The murder of Louise Bergen back in 1958 was one of the most talked about crimes of its time here in the Cincinnati area. When three young hunters came across the charred remains of a body at Cowan Lake it set into motion a chain of events that would captivate the city for years to come. The victim was determined to be 32 year old Louise Bergen, a local housewife who was also an unwilling participant in a bitter love triangle. You see, Louise’s husband, Bill Bergen was also involved with a woman named Edythe Klumpp. Edythe was a 40 year old divorcee who worked as a sewing teacher. She was also having an affair with Bergen’s estranged husband, Bill. Needless to say it wouldn’t take long for detectives to hone in on Klumpp and she quickly became the lead suspect in the case. After submitting to a lie detector test, which she failed, Klumpp confessed.

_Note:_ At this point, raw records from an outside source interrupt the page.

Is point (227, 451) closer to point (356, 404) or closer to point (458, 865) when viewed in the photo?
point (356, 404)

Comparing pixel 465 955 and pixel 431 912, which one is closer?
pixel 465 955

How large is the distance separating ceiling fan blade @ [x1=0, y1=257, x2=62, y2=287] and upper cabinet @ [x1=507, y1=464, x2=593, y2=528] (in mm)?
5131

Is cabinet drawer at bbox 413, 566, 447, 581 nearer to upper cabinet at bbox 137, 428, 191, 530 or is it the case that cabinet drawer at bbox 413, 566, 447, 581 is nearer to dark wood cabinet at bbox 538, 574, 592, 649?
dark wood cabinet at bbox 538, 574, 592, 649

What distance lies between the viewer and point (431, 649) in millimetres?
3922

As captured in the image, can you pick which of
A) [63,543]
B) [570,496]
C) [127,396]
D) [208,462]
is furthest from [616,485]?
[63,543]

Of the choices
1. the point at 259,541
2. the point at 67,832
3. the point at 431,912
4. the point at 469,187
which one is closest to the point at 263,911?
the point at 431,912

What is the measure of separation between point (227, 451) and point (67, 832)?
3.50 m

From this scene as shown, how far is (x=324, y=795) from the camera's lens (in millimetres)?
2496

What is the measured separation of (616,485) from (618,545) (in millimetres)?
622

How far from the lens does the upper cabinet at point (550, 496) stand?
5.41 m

She would later tell detectives that Louise got into her vehicle to discuss the affair and a gun was accidently discharged during a struggle inside the car, killing Louise. In a written statement Klumpp also admitted to placing Louise’s corpse in her trunk and later driving to Cowan Lake to burn Louise Bergen’s remains. A timeline suggests the body remained in the trunk for a full day, with Klumpp even nonchalantly teaching a sewing class while the body deteriorated in the car. During the trial
the state also suggested that Edythe talked Bill into posing as her husband so that she could get a bank loan, but then feared that Bill’s wife, Louise, will expose her ruse.

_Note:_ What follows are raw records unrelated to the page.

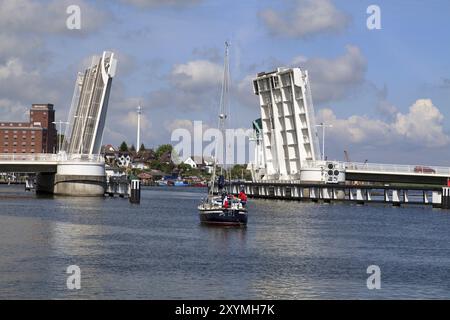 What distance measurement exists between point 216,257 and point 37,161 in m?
55.4

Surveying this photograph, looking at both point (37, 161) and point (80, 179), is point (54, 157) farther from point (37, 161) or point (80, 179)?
point (80, 179)

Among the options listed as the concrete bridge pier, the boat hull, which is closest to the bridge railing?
the concrete bridge pier

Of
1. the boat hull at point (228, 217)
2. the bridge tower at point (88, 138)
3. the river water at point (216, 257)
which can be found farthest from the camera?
the bridge tower at point (88, 138)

Armed with this information Hamilton County Prosecutor C. Watson Hover charged Edythe with first degree murder. He also sought the death penalty for this local femme fatale.

After the trial, Edythe Klumpp was sentenced to death, and with a date with “Old Sparky” looming in her future Edythe changed her tune and shifted all of the blame to her lover, Bill Bergen. She claimed it was Bill who pulled the trigger and he concocted a story because he believed the court would hand down a lighter sentence for a woman. She also stated that it was all Bill’s idea with him even threatening her children if she didn’t go along with the plan.

So who was telling the truth? Who knows.
But one thing is certain, no higher court was interested in entertaining an appeal for Edythe. With that said her attorney William Hopkins met with then Governor Michael DiSalle to talk about clemency. A staunch opponent of the death penalty, the Governor launched his own investigation along with Ohio State Patrol. Governor DiSalle decided Edythe’s story which featured Bill as the shooter much more plausible and in an unusual twist he and a Doctor Milton Parker, from the psych Department of OSU, headed over to the Ohio Reformatory for Women in Marysville where they would interview Edythe while she was under the influence of sodium amytal a.k.a. “truth serum.” In the end the Governor and the good doctor believed her story and her sentence was commuted to life and in 1971 Edythe was paroled. She would go on to marry Dennie Taylor one year after her release and live peacefully until her death in 1999 at the age of 81.